Oh boy, if there ever was a night phase for the Bird of Paradise to use its ability, it would have been tonight. Creepy Old Lady was kind enough to sacrifice itself to save the town, and for that, we allow C.o.L to win with the town. 

Creepy Old Lady/JiraiyaTheGallant has sacrificed itself to protect the town. 

The other actions though:

Mala Mala Jong Found and Stole the CRYSTAL GLASSES from the Chi Creature

Dojo attempted to torch Mala Mala Jong but the Crystal Glasses saved him. 
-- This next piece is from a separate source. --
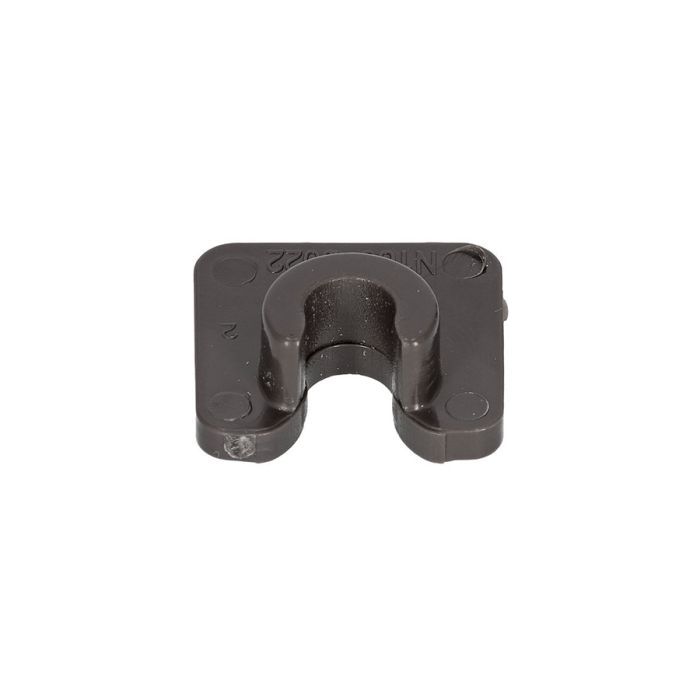 Napoleon Door Bushing For Pivot Pin (P500 S/ L485ERIES) N160-0022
Jermaine now holds the Crystal Glasses!

Katnappe failed to find anything...

Chamaelon Bot morphed into Chase Young

Jack Spicer made another Jack Bot

Chase Young targeted Jack Spicer for a kill...twice. Both of Jack's Jack Bots were destroyed.

Wuya created a rock monster and cursed...HANNIBAL ROY BEAN?!

Chucky Choo failed to find anything...

The Chi Creature has been roleblocked by Master Fung

*Day Phase IV Start! You may start talking!*​


----------



## Jeroen (May 3, 2011)

I'm still alive. smh


----------



## Fear (May 3, 2011)

*[Vote Lynch Homestuck]*

He is mafia.


----------



## Jeroen (May 3, 2011)

Fear said:


> *[Vote Lynch Homestuck]*
> 
> He is mafia.



I see a vote for Homestuck, reasoning for that vote is unnecessary.

-hops on the wagon-

*[VOTE LYNCH HOMESTUCK]*


----------



## Sajin (May 3, 2011)

*[Vote lynch Homestuck]*

Why not.


----------



## Raven Rider (May 3, 2011)

I forgot about this game.


----------



## Jαmes (May 3, 2011)

potential mala mala jong? 

*[vote lynch homestuck]*


----------



## Raven Rider (May 3, 2011)

*[Vote lynch Homestuck]
*

The truth shall be revealed.


----------



## Awesome (May 3, 2011)

Do we have a vigi still, or are they killed off? (besides the Grand Master Dashi)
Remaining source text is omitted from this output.